Stock Option Taxation
Today, more and more companies are issuing stock options to their employees because this ties employee compensation to the success of the company. I am going to cover the basic taxation of two standard types of options: Incentive Stock Options or ISOs and Nonqualified Stock Options.
The main advantage of an ISO is favorable tax treatment; however, there are holding period requirements which must be met. An employee must sell the stock at least two years from the date of grant and one year from the date of exercise in order to have long-term capital treatment on the appreciation. Furthermore, there are Alternative Minimum Tax adjustments at date of exercise and date of sale.

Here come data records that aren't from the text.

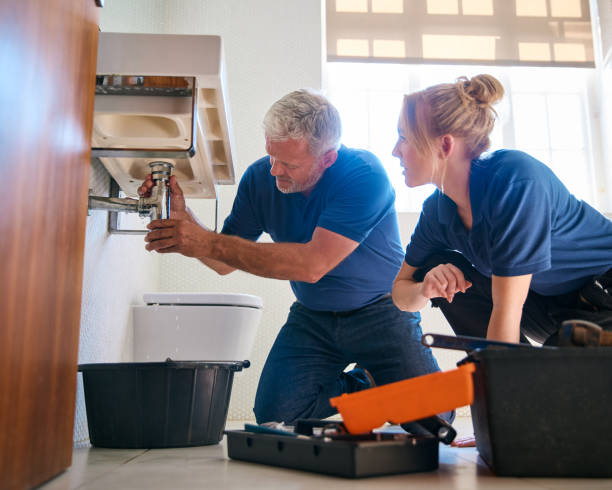 Best Drain Cleaning Services  in Burlingame, CA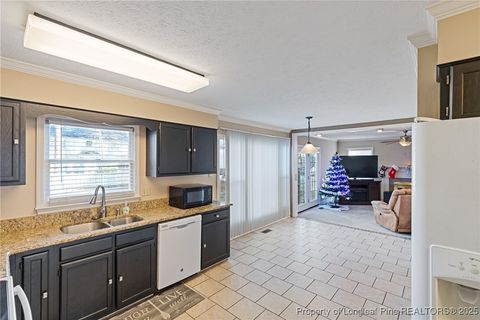 Tiny photo for 604 Rockport Drive, Fayetteville, NC 28311 (MLS # 754654)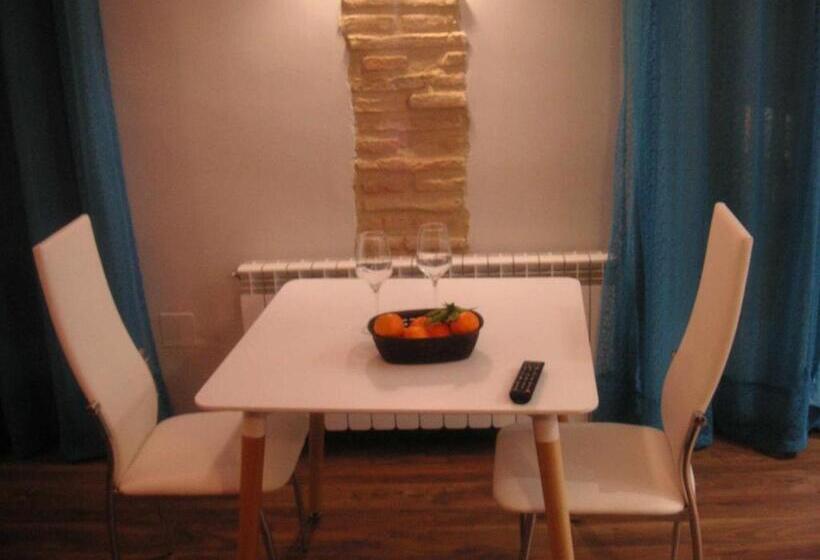 آپارتمان لوکس 1 خوابه, Apartamentos Melihah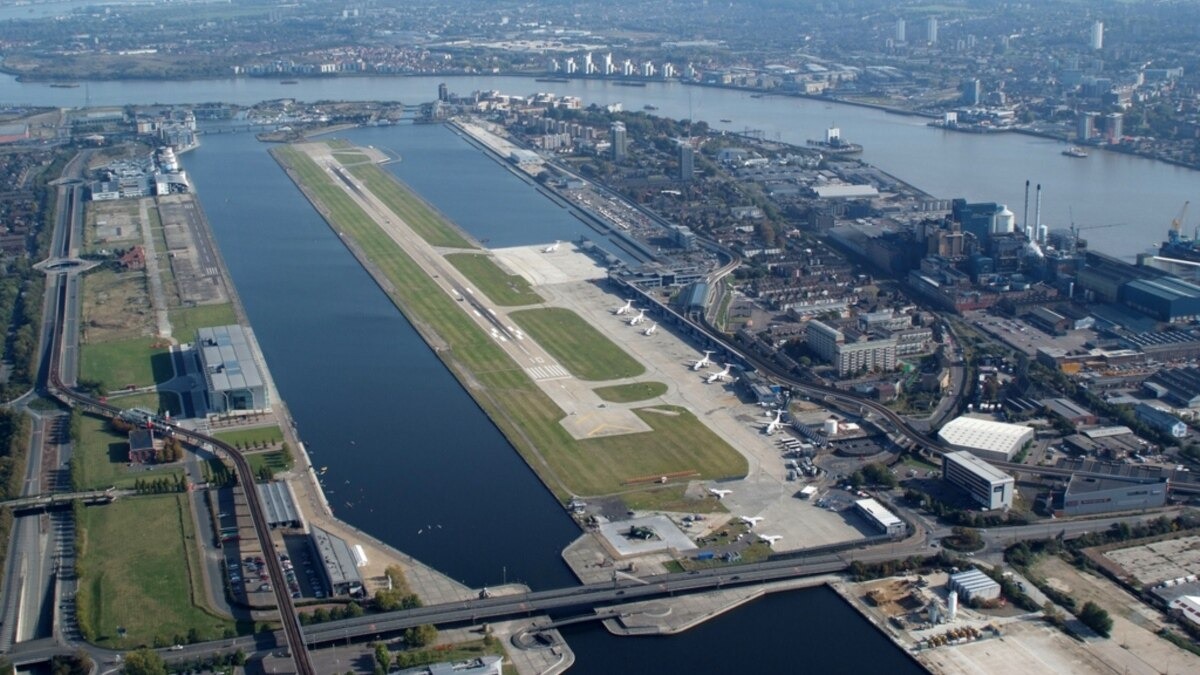 London City Airport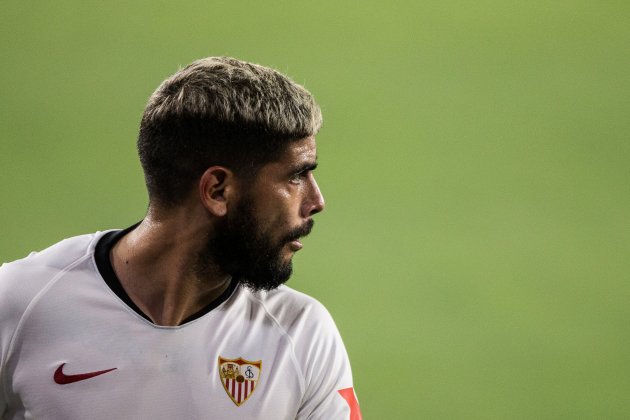 banega sevilla europa press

For example, let’s say 1,000 ISOs are granted with an exercise price of $10. As long as this is higher than the fair market value of the stock, there will be no taxable income at the date of grant. The employee waits one year to exercise the ISOs while the stock is at $20 resulting in an AMT adjustment of $10,000. One year from the date of exercise, the employee can sell those shares at $30 a share and will receive $20,000 taxed at long-term capital gain tax rates and a negative AMT adjustment of $10,000.
If the holding period requirements are not met, the sale is known as a disqualifying disposition and any appreciation is taxed at ordinary income tax rates and the AMT adjustment is reversed.
This is essentially how a Nonqualified Stock Option functions. There is no holding period requirement thus all appreciation is taxed at ordinary income tax rates and there are no AMT adjustments.
While the preferential tax treatment of ISOs is attractive, there are many factors to consider such as cash required up front to purchase the options, the AMT adjustment potentially resulting in higher taxes in one year and uncertainty of the stock price after the holding period requirement. I encourage you to reach out to a financial advisor or tax professional about your individual situation.